Problem ▸ Retype the data below exactly, skipping pictures.

Dataset section ▸
%%

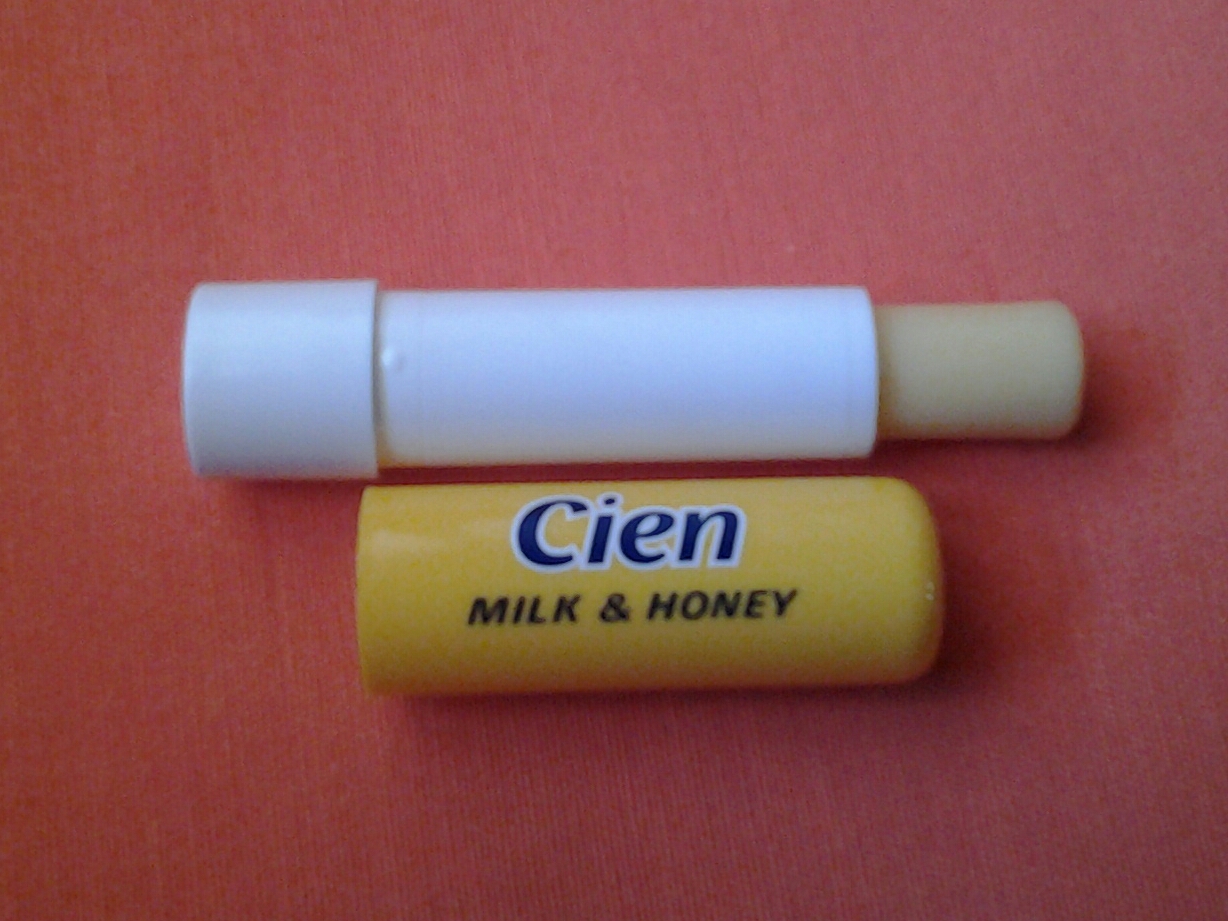 Let's do a review! Προϊόντα περιποίησης Cien Cien Lip balm!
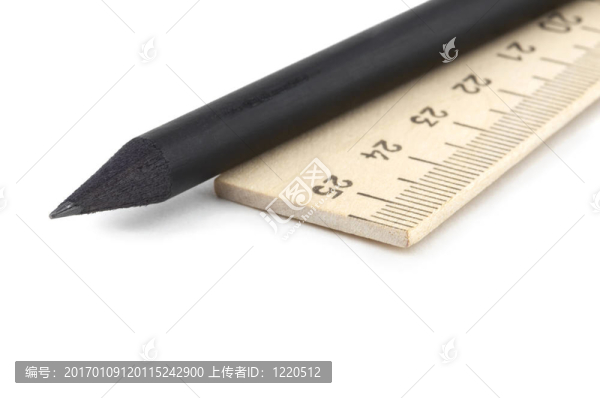 鉛筆和尺子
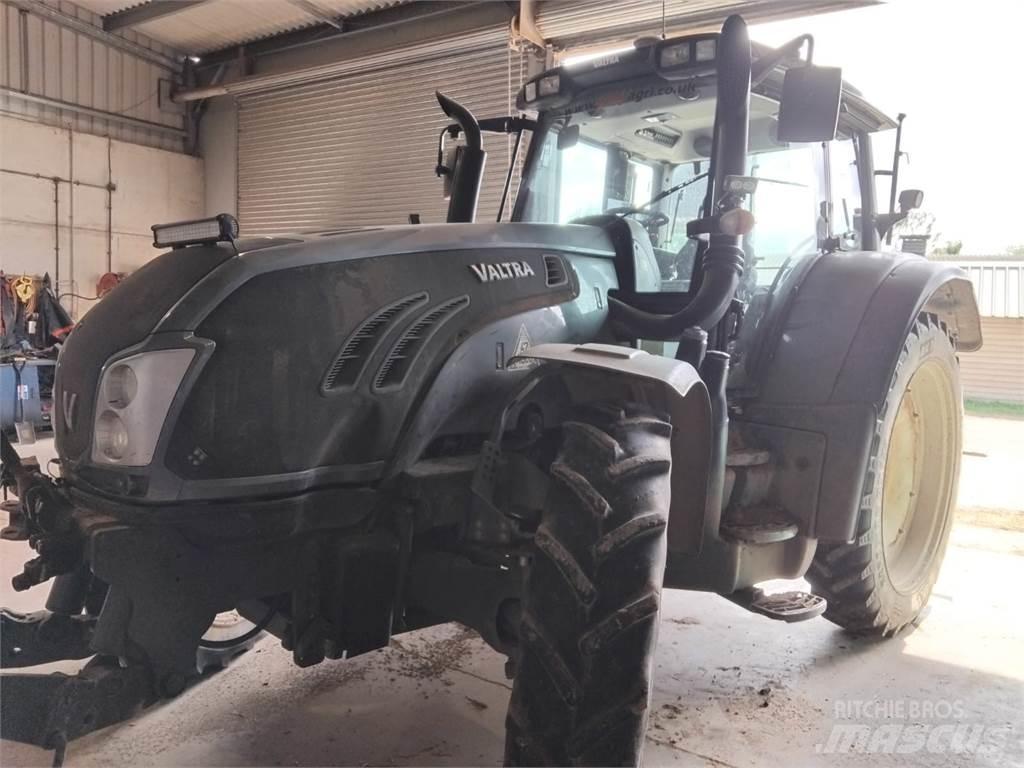 Valtra T183V Traktorok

%%

Result of this task ▸
 Let's do a review! Προϊόντα περιποίησης Cien Cien Lip balm!
 鉛筆和尺子
 Valtra T183V Traktorok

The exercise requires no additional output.